The message of the gathering – “the government must trust us, and stop treating us like babies,” said Choo Zheng Xi, the group’s spokesperson. “It is an international embarrassment when governments around the world are working to deregulate the Internet, and Singapore, one of the wealthiest nations per capita, is going in the opposite direction,” the activist told AFP.
Under the rules that came into force in June, news websites must obtain annual licenses if they have over 50,000 unique visitors from Singapore every month and publish at least one weekly article on the island’s news over a period of two months.
To get the license, they must pay about $39,500. Also, licensed sources will be subjected to government control and will have to remove banned content – such as articles that undermine “racial or religious harmony” – within 24 hours after they get a notification from Singapore’s media regulator.
The new regulations have sparked fierce criticism among the city-state’s internet community who accused the government of attempts to introduce online media censorship. Authorities, in response, assured web-users that their personal blogs and many news commentary website will not be affected.
According to Information Minister Yaacob Ibrahim, the websites that are required to get licenses will “have to conform to certain minimum standards as far as we are concerned, and we think it’s not as onerous as what’s been made up by some people online,” he said earlier this week, as cited by AP.

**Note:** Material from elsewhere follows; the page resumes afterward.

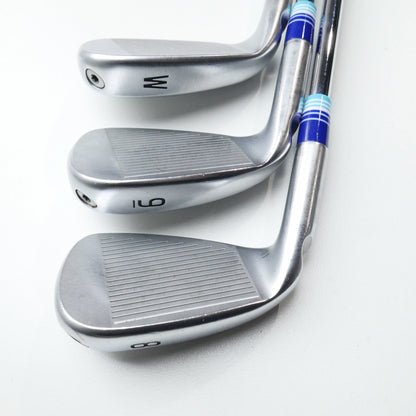 Used Ping i230 Iron Set / 4 - PW / Regular Flex
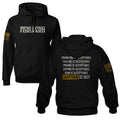 Keep Moving Forward Hoodie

The new regulation affects ten websites so far, including Yahoo! News in Singapore.
A day earlier, some 162 websites blacked out their content in protest against the licensing rules, Asia One reported. Most of the sites replaced their homepages with a “Free My Internet” message on black screen and information on the Saturday rally.
Human Rights Watch also criticized the move in a statement on Friday, saying that the Singapore licensing policy “casts a chill over the city-state’s robust and free-wheeling online communities,” and will limit Singaporeans’ access to independent media.
“Singapore is placing its status as a world-class financial center at clear risk by extending its record of draconian media censorship to the digital world,” said Cynthia Wong, senior internet researcher at Human Rights Watch, as quoted by Reuters.